╭──

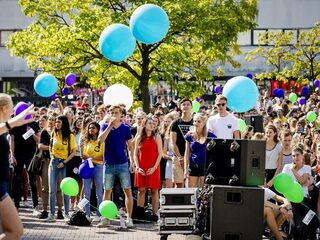 Stand.nl: 'De introductieweken in de stad moeten worden afgelast'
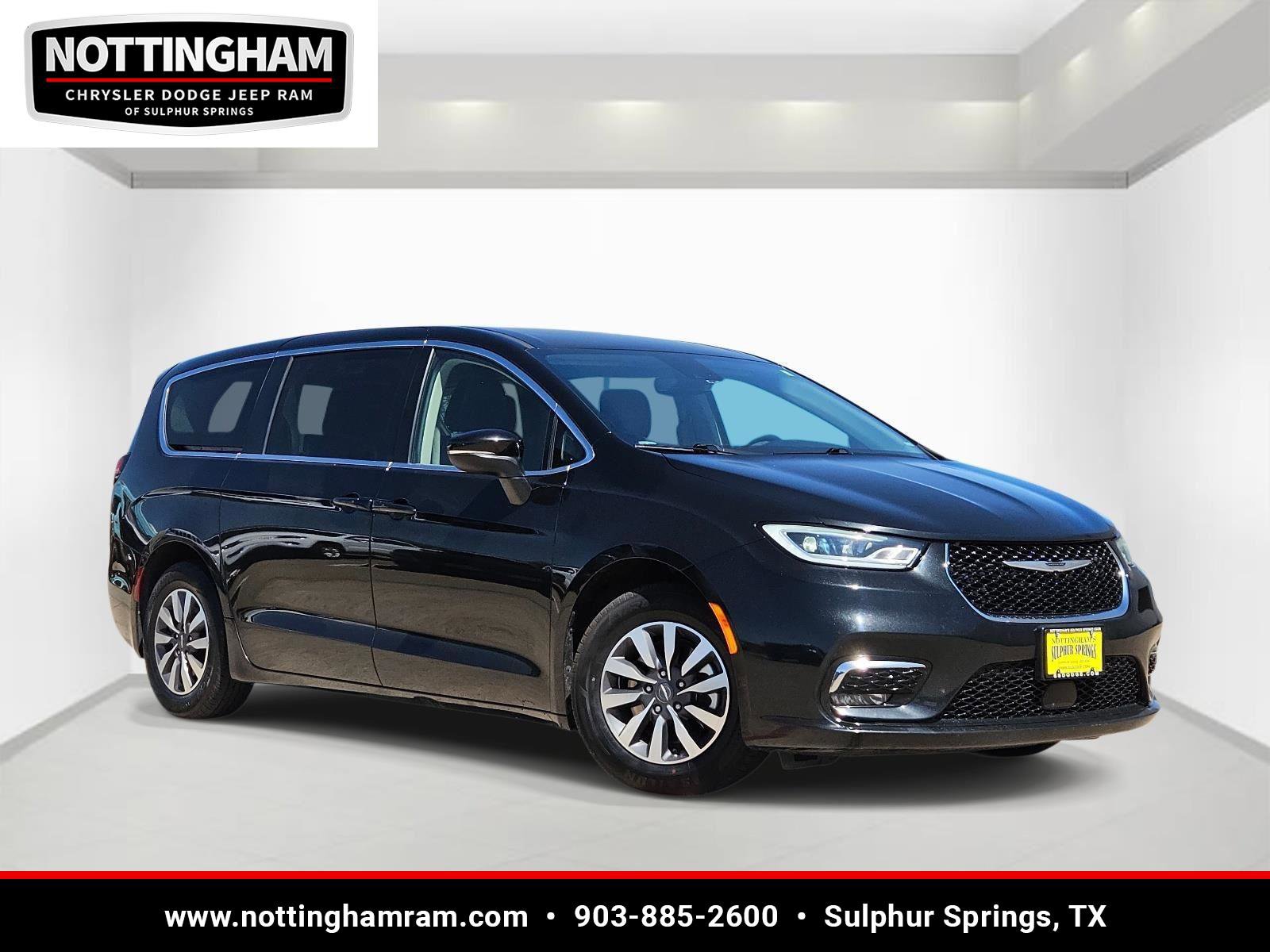 Used 2023 Chrysler Pacifica Touring-L image 1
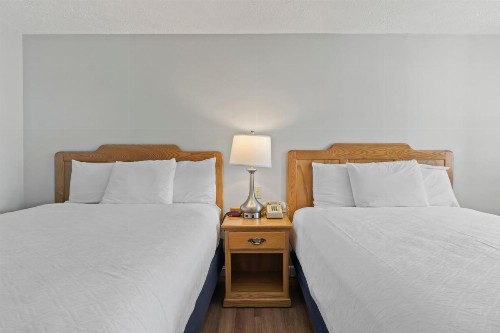 Mariner Resort - image 49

╰──

About this task: What is needed is the whole listing again, set down exactly, without its pictures.

Answer to this problem:
 Stand.nl: 'De introductieweken in de stad moeten worden afgelast'
 Used 2023 Chrysler Pacifica Touring-L image 1
 Mariner Resort - image 49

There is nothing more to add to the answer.